THE DATA =

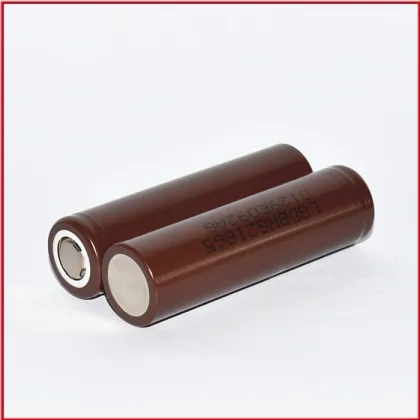 LG HG2 3000mah 20A Battery For Box Mod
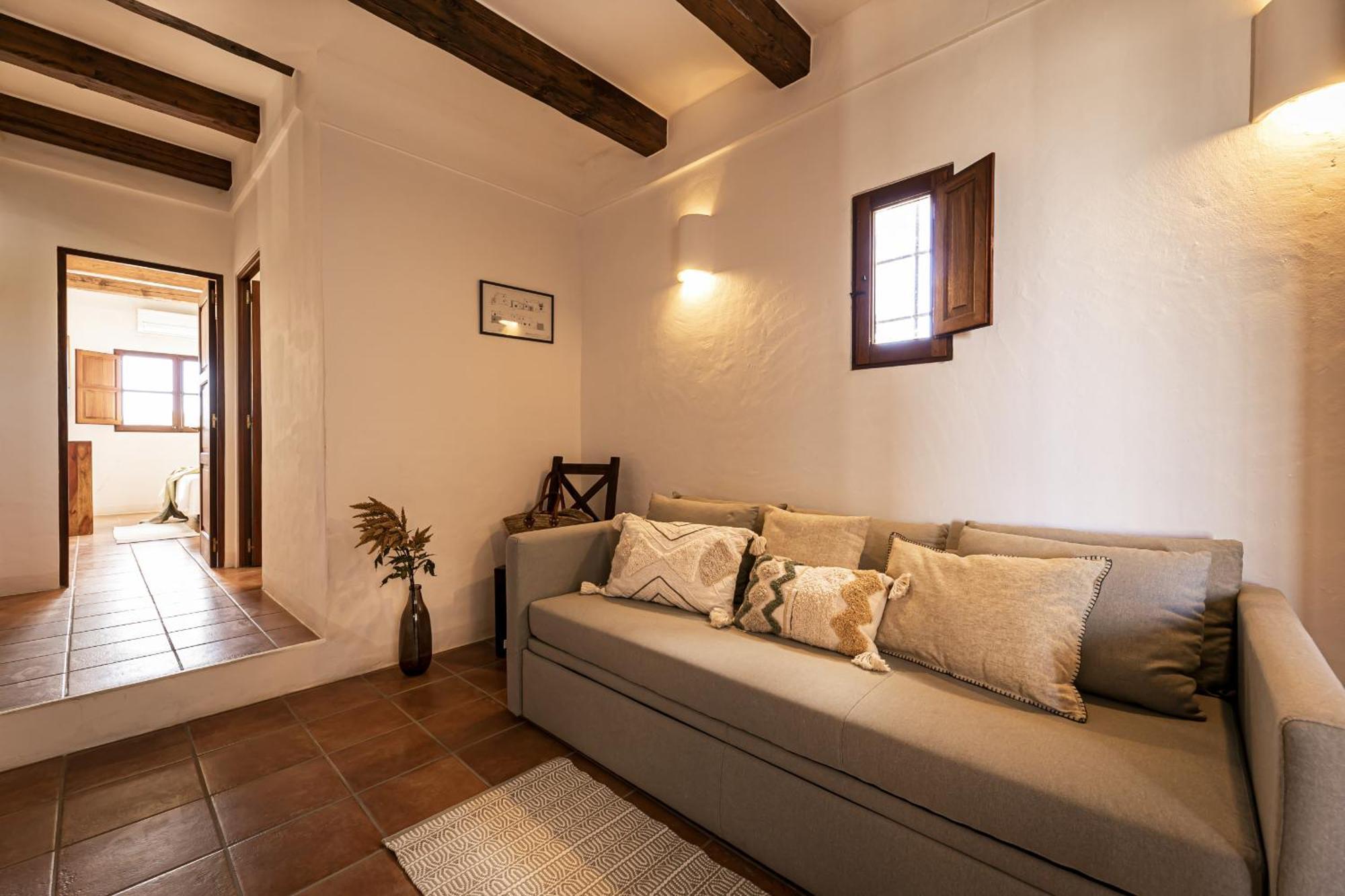 Can Noves - Villa De 4 Suites 35 Y 52 San Francisco Javier Exterior photo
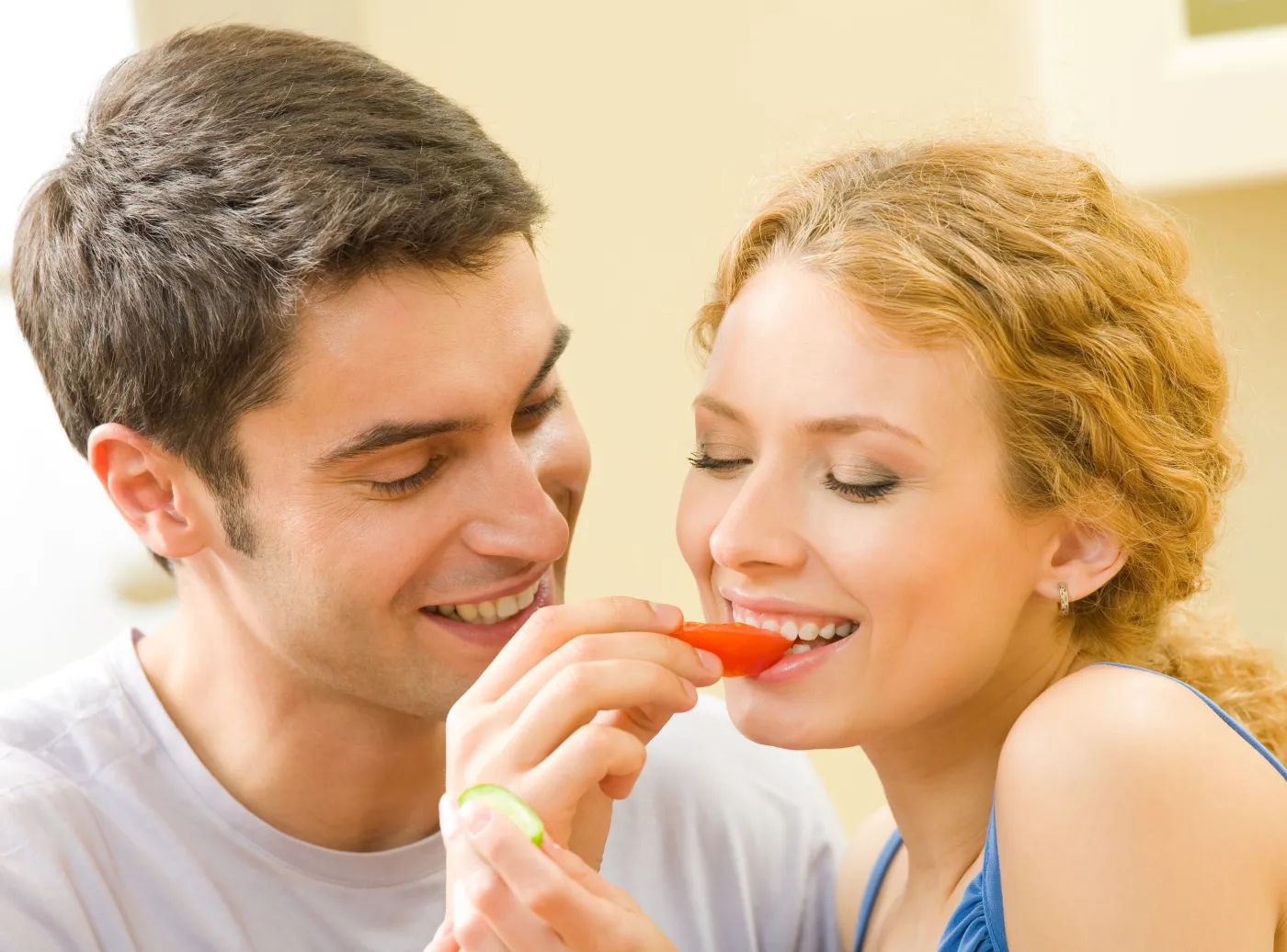 dieta posiłek para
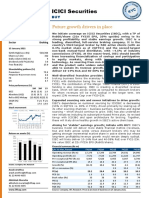 IIFL ICICI Sec Initiation 87521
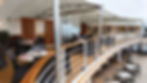Silversea Cruises, Spaccanapoli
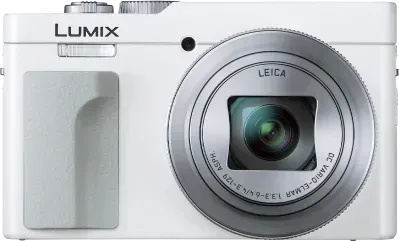 Panasonic Lumix DC-TZ99 von Panasonic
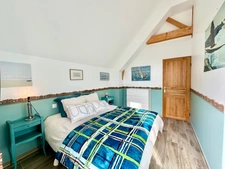 VILLA D'ARCHITECTE - 175 m² - SAINT BRIAC SUR MER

INSTRUCTIONS FOR THE TASK =
Could you return the listing above exactly, minus its pictures?

SOLUTION TO THIS PROBLEM =
 LG HG2 3000mah 20A Battery For Box Mod
 Can Noves - Villa De 4 Suites 35 Y 52 San Francisco Javier Exterior photo
 dieta posiłek para
 IIFL ICICI Sec Initiation 87521
Silversea Cruises, Spaccanapoli
 Panasonic Lumix DC-TZ99 von Panasonic
 VILLA D'ARCHITECTE - 175 m² - SAINT BRIAC SUR MER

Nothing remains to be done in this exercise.